Last night, my wife took me to see the “Screaming Eagle of Soul”, “The Black Ambassador of Love”, the one and only Charles Bradley in concert at Thalia Hall. Bradley is a 67-year-old R&B singer, who sings like the embodiment of James Brown and Otis Redding. And, even though he was only discovered 5 years ago (while doing James Brown tribute shows), he has since recorded three masterful albums and now tours the world doing sold out shows. With many apologies to my former top 5: Shawn Mullins, U2, Paul Simon, The Police, and Gaelic Storm – last night was the best live show I have ever seen!
One of the many things I love about Bradley is that, when he sings, he does so with his heart fully engaged and a reckless abandon of raw emotion. He was loving us, and we were loving him.
Charles Bradley is also a deeply religious man. In the middle of one of his sets, he brought the band down, and said, “You know, everyone has their cross to bear.”
As a theologically trained pastor, I eagerly anticipated hearing about “his cross”. Most often, when I hear someone use that phrase, what follows is some woeful tale of the hardship of having to bear a burden that everyone would agree is difficult.

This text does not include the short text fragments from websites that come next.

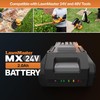 LawnMaster MX24V 2.0Ah Battery – Compatible and Vacmaster 24V Cordless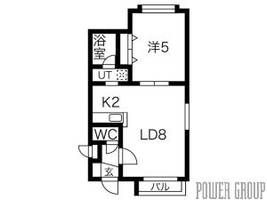 NOVA24軒(ノヴァ二十四軒)の間取り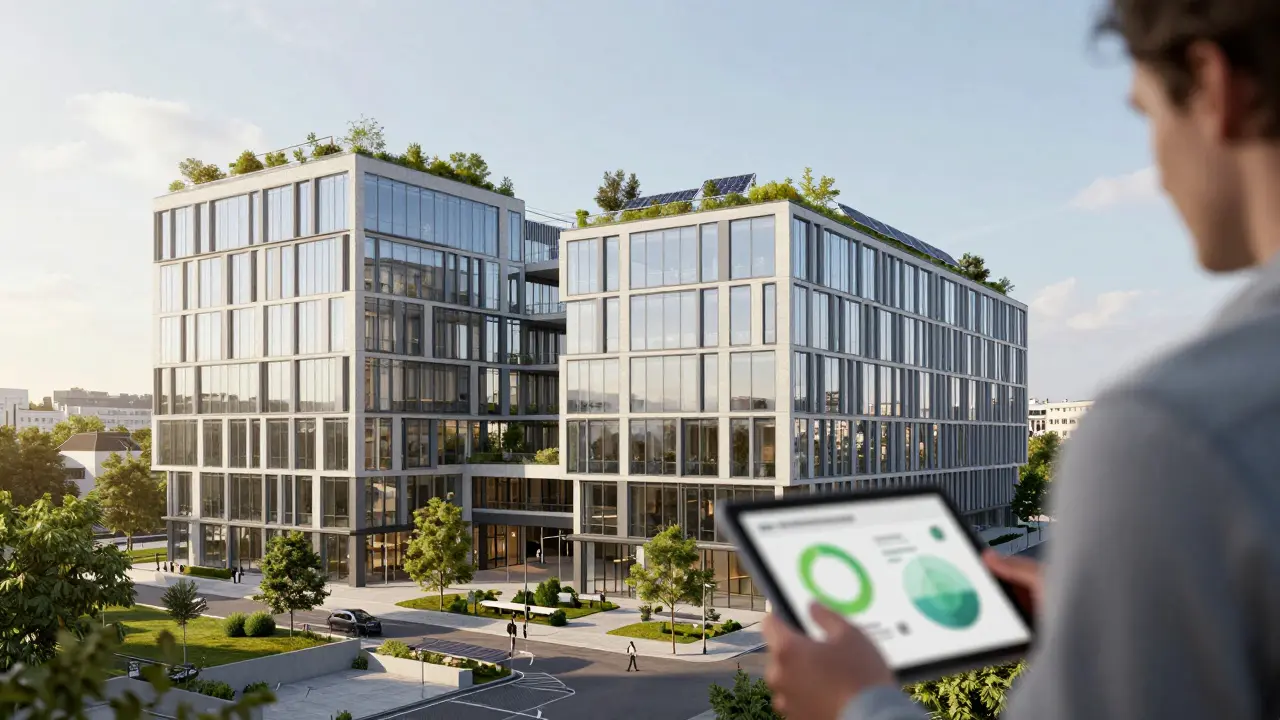 BREEAM vs. LEED: Der ultimative Vergleich für grüne Immobilien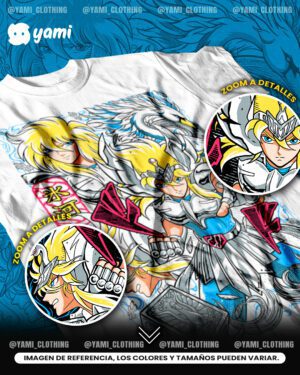 Hyoga Caballeros del zodiaco
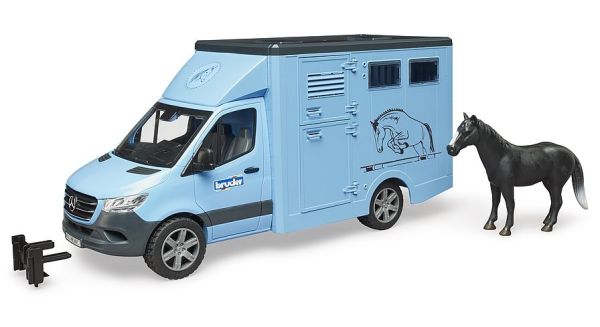 BRU2674 - Mercedes Benz Sprinter con cavallo - 1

“My cross, is to sing for all of you, and bring you joy. And sometimes that cross feels like this…” I sat stunned as Bradley threw the mic stand over his shoulder and plodded and struggled across the stage under its weight. He elaborated, but by then I was lost in thought and empathy.
When Jesus says in Mark 8:31,“If anyone would come after me, let him deny himself, pick up his cross, and follow me,” he is laying out in the strongest visual language, the high cost of discipleship. As William Lane says, “Jesus stipulated that those who wish to follow him must be prepared to shift the center of gravity in their lives from a concern for self to a reckless abandon to the will of God.” Christ does not necessarily require you to sacrifice your physical life in order to follow him. He does, however, ask you to sacrifice your “self”.
Regardless of any theological clarifications and corrections that might be made to Bradley’s illustration, to do so would minimize their intent. He sees his work as a service to God.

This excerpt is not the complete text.